Required action
Each line below from the "Mount Etna disruption" line through the "Rice,Krispie,Treats,Bites,With,Marshmallow,,Small,Snack,For,Kids" line, those two included, must be restated word for word; the pictures must not be.

(Entries provided begins)

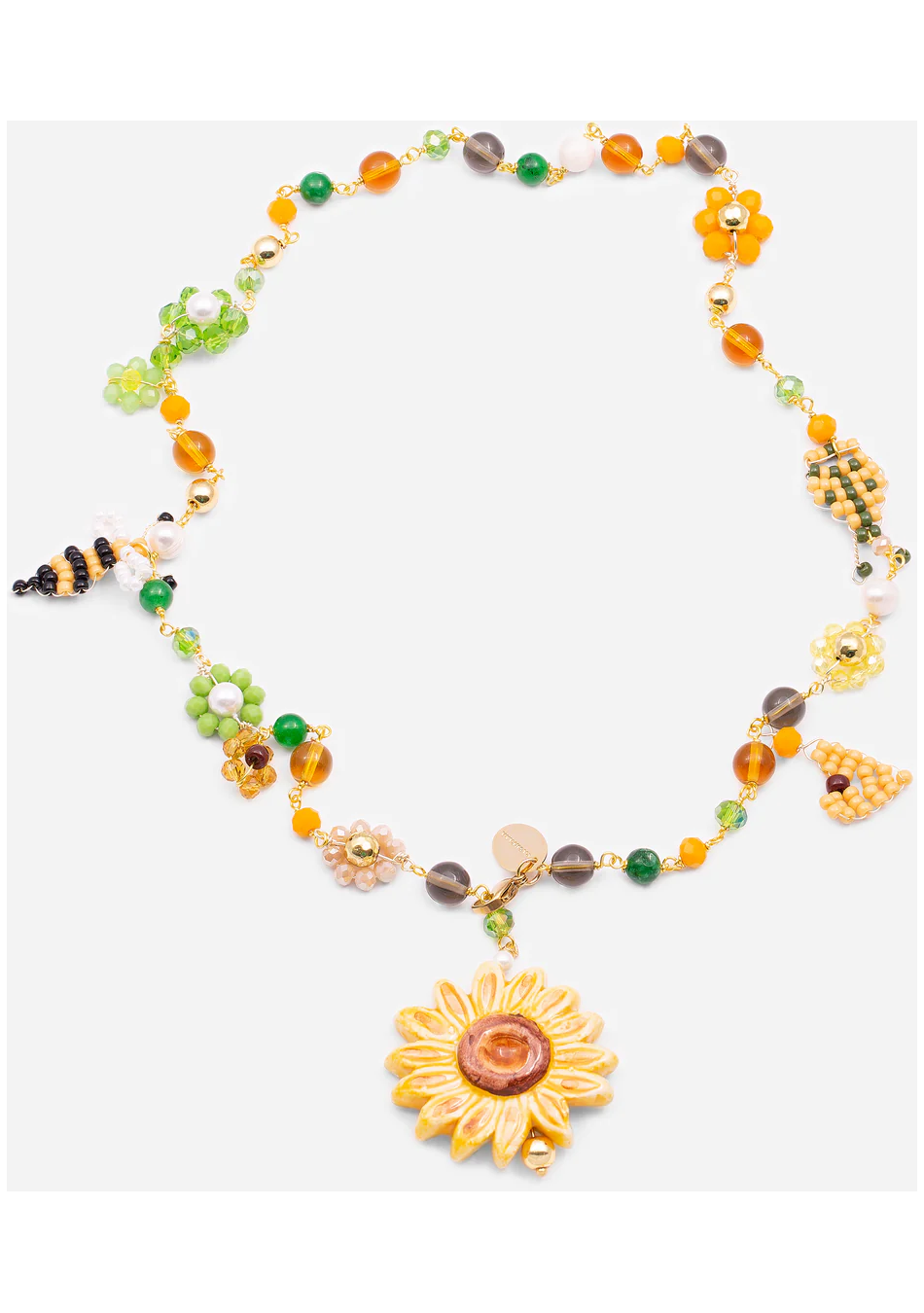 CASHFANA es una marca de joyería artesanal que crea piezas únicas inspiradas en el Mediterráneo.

(Entries provided ends)
(Entries provided begins)

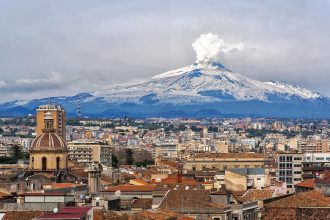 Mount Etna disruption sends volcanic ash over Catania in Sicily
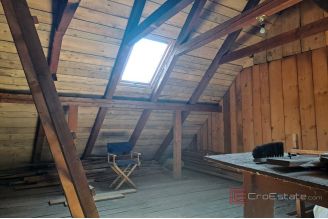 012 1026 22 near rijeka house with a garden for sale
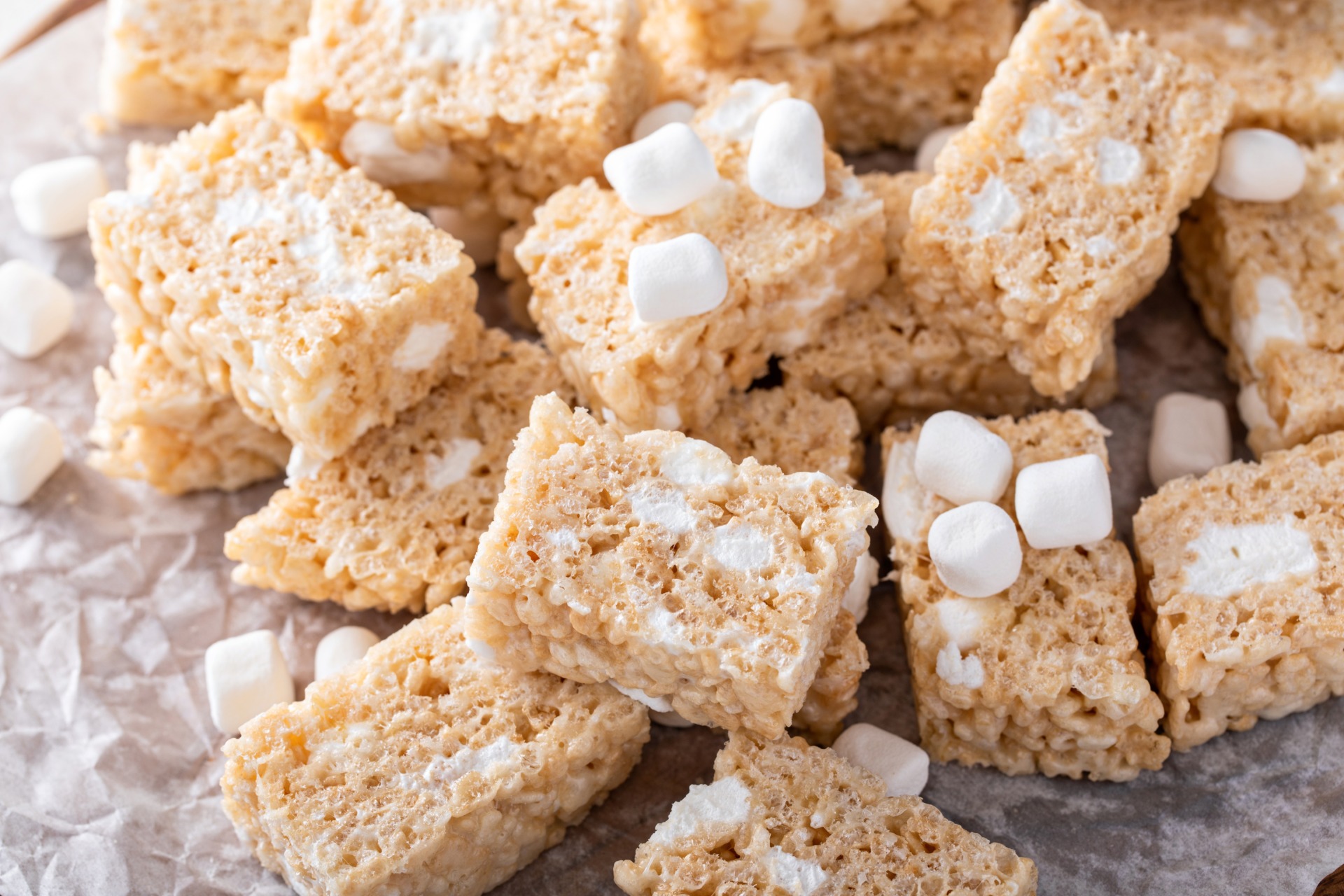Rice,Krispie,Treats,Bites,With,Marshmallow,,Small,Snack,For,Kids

(Entries provided ends)
(Entries provided begins)

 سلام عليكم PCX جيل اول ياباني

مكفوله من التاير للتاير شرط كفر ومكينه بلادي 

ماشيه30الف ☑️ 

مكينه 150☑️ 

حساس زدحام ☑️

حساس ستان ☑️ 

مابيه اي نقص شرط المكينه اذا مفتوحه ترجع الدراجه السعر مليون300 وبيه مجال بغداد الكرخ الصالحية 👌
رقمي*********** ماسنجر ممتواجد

(Entries provided ends)

Solution below
 Mount Etna disruption sends volcanic ash over Catania in Sicily
 012 1026 22 near rijeka house with a garden for sale
Rice,Krispie,Treats,Bites,With,Marshmallow,,Small,Snack,For,Kids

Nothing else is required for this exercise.